As you can see, what appeared somewhat confusing is quite “logical” and makes a lot of sense once I have the background knowledge and understanding.
5) Don’t argue with a fool: If you have ever dealt with “foolish” people, you know they do not care about truth and wisdom. A good friend of mine shared this quote that his mother always said. Never argue with a fool in public. Nobody knows who the fool is!
Perspective #52: Never argue with a fool in public. Nobody knows who the fool is! – Maureen Rose Plein
Some great wisdom. I also found a similar quote attributed to Mark Twain that I thought was equally as poignant. Never argue with a fool in public. They will drag you down to their level and then beat you with experience!
Perspective #53: Never argue with a fool in public. They will drag you down to their level and then beat you with experience – Mark Twain
6) Validate your answers: Also, always be sure to validate the answers that others give you. Do they make sense? Do they align with the Bible as a whole? There are a lot of wolves in sheep’s clothing out there (a.k.a., fools) whose sole purpose is to confuse, distract, dissuade or to create doubt in God’s children. Use the power of the Holy Spirit to help you in discerning the truth of God.
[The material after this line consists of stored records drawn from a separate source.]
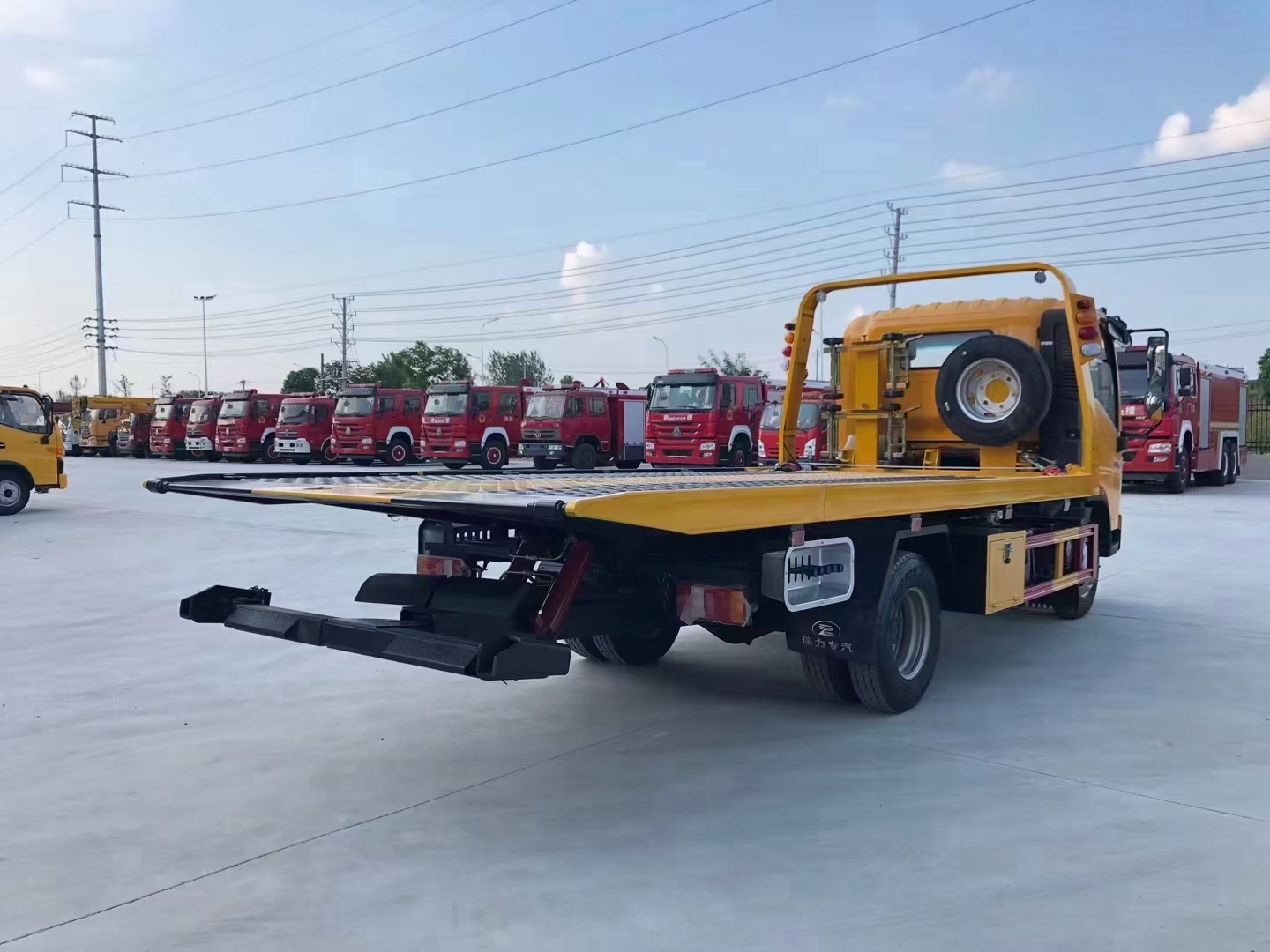 重汽豪沃蓝牌清障车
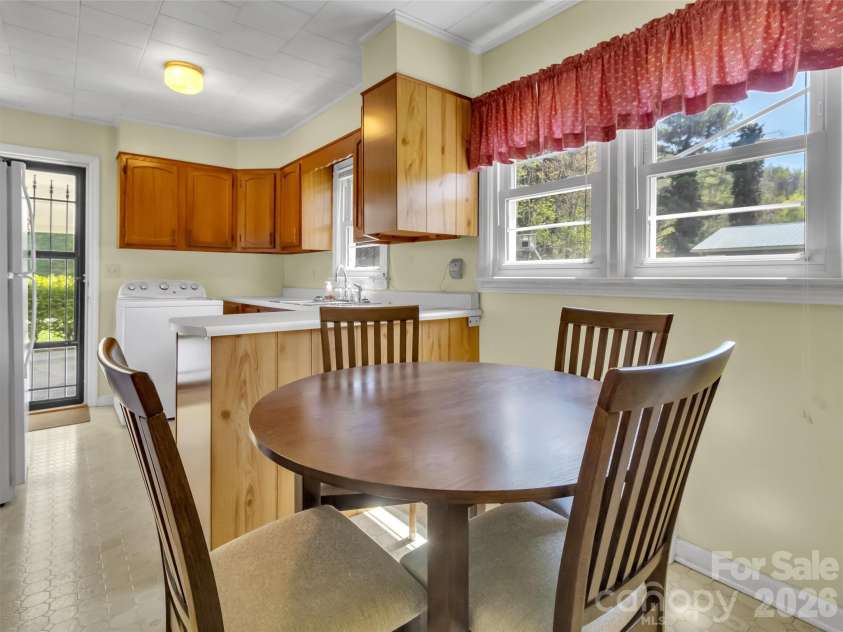 68 Skyview Drive, Waynesville, NC 28786.  MLS# CAR4368765, YatesRealty ID 13140. Eat in Kitchen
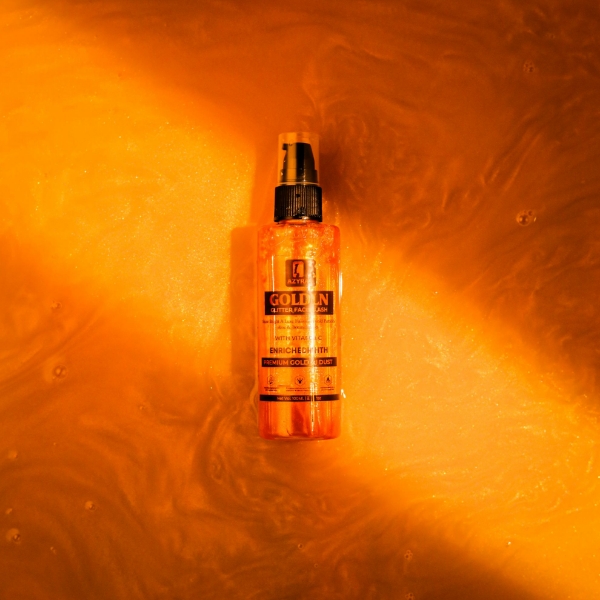 Picture of Golden Glitter Face Wash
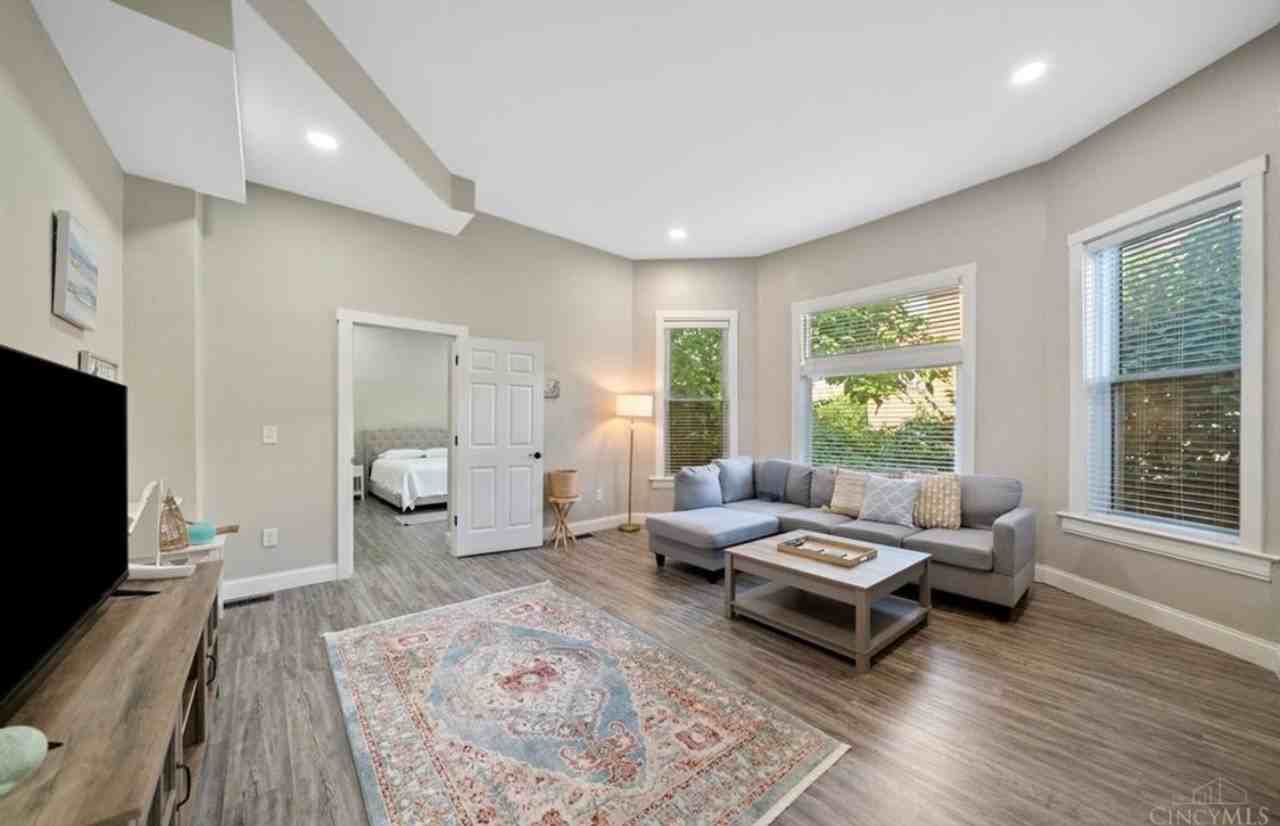 5261 Waltella Pl - Photo 4 of 24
Understand that God will not hold you accountable for what someone else says about Him, He will only hold you accountable for what you believe is true!
Perspective #54: God will not hold you accountable for what someone else says about Him, He will only hold you accountable for what you believe is true.
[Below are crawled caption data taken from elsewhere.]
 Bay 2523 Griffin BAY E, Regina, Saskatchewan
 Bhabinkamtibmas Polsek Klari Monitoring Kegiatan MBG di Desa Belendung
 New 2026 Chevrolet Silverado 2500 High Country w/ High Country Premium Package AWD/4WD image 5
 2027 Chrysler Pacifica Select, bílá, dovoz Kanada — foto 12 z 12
7) Do your research, search the scriptures: So be careful, do your research and search the Scriptures. Take the time to know and understand what you believe and why. Notice, that is exactly what the Berean followers did.
The Bible says: The brothers immediately sent Paul and Silas away by night to Berea, and when they arrived they went into the Jewish synagogue. Now these Jews were more noble than those in Thessalonica; they received the word with all eagerness, examining the Scriptures daily to see if these things were so.
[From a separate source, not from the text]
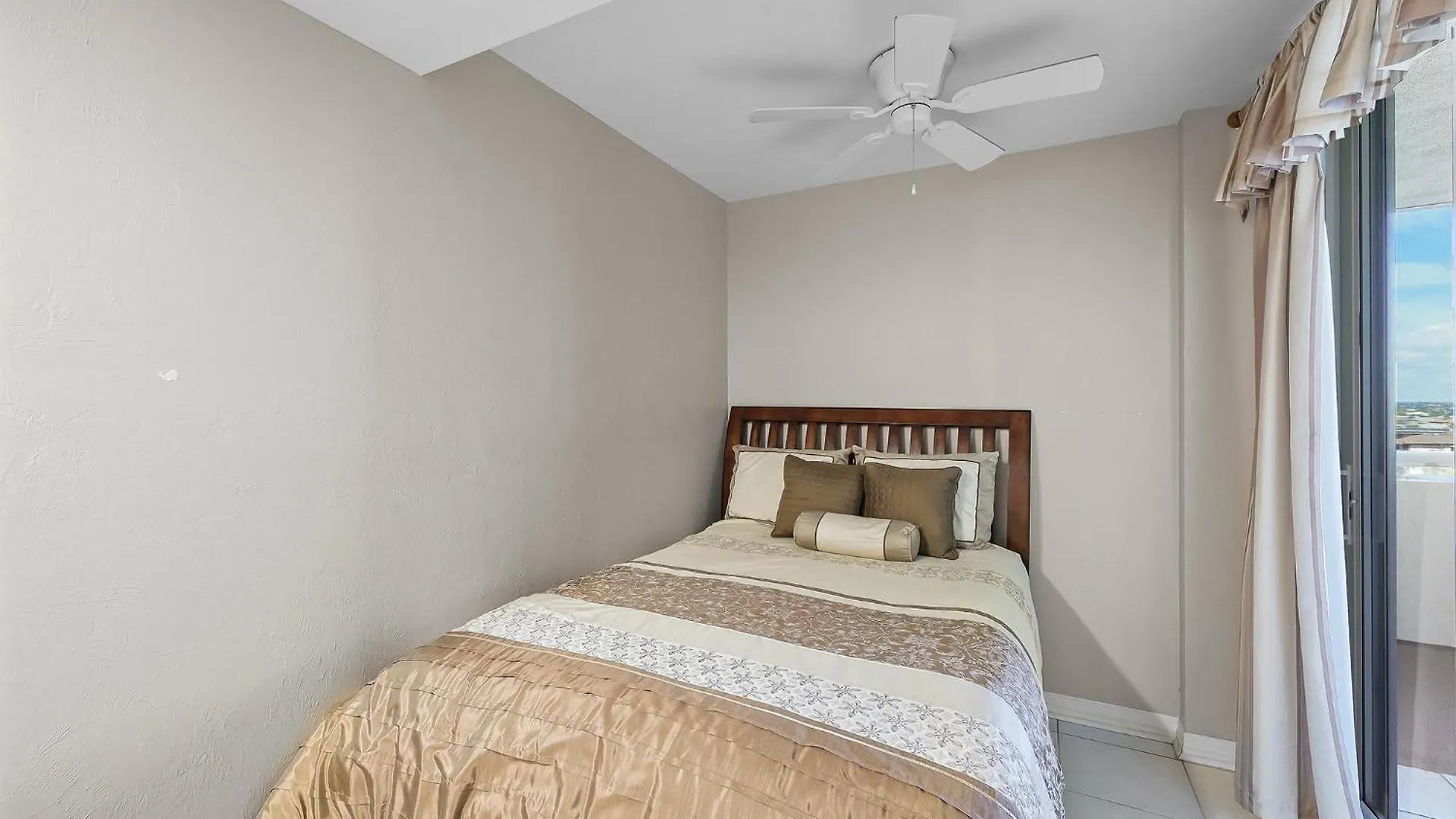 Holiday home Merida 906 *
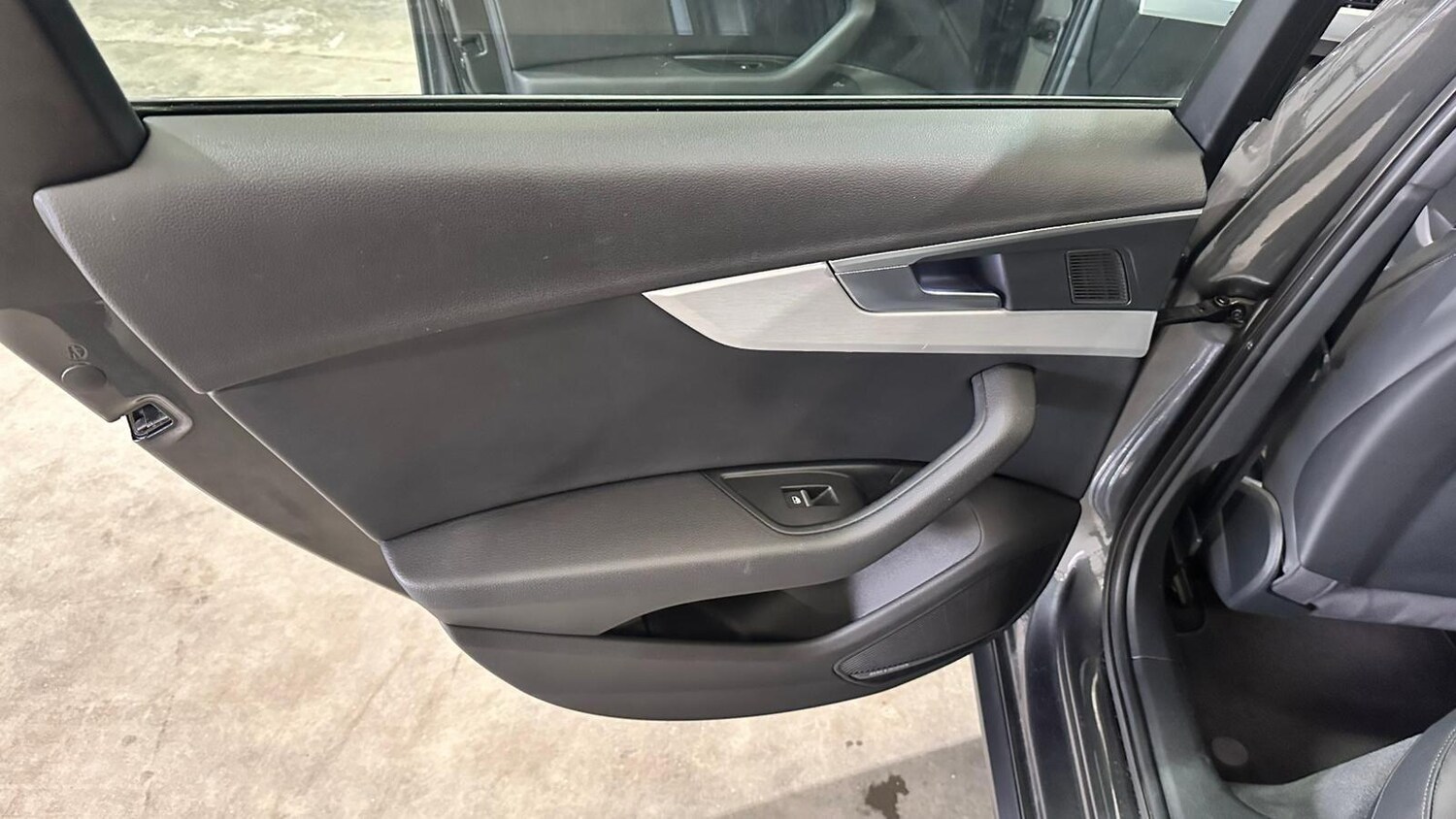 Used Audi A4 2016 for sale - 78072636: Photo 29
8) Ask God: I know this sounds obvious, but if you are like me, you are always forgetting about this one. So, ask God; He is not afraid of your questions. God wants you to sincerely want to know more about Him, which means, He is knowable. Pursue Him and get to know Him. Leverage your questions to grow and strengthen your relationship with Him. God is excited to teach you, to grow you and to guide you! His passion, His desire, is to help you fall more in love with Him and who He is!
Perspective #55: God is excited to teach you, to grow you and to guide you! His passion, His desire, is to help you fall more in love with Him and who He is!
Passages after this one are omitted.